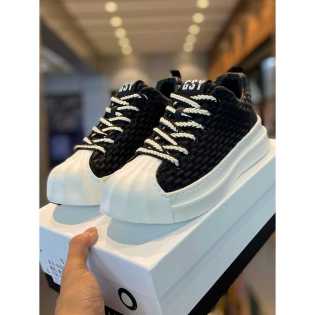 Autumn and winter new lightweight men's casual shoes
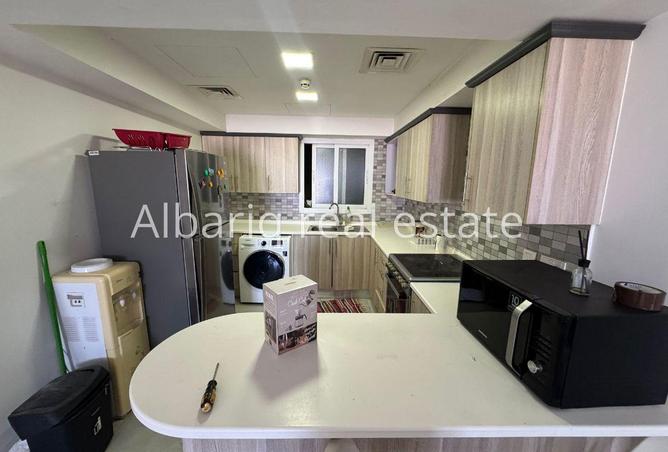 53433740 - Property Image 3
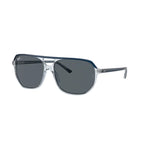 Ray Ban Eyewear & Sunglasses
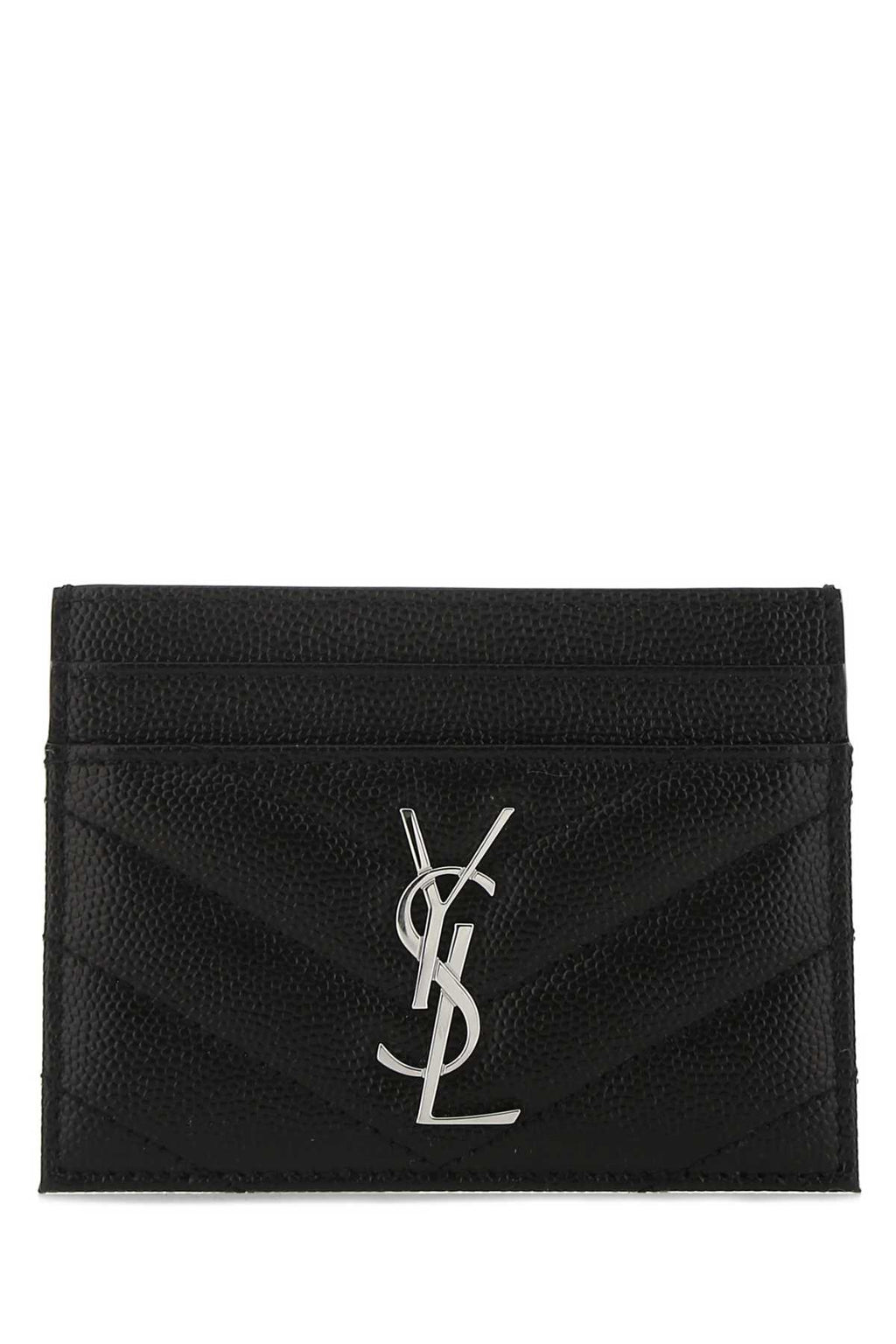 SAINT LAURENT YSL PCC(172Y)MONO For Women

────────────────────────────────────────

▶ _PROMPT_:
Write out verbatim the lines from the one containing "53433740 - Property Image 3" through the last line of the listing above, and no other lines; omit pictures.

▶ _SOLUTION TO THIS EXERCISE_:
 53433740 - Property Image 3
 Ray Ban Eyewear & Sunglasses
 SAINT LAURENT YSL PCC(172Y)MONO For Women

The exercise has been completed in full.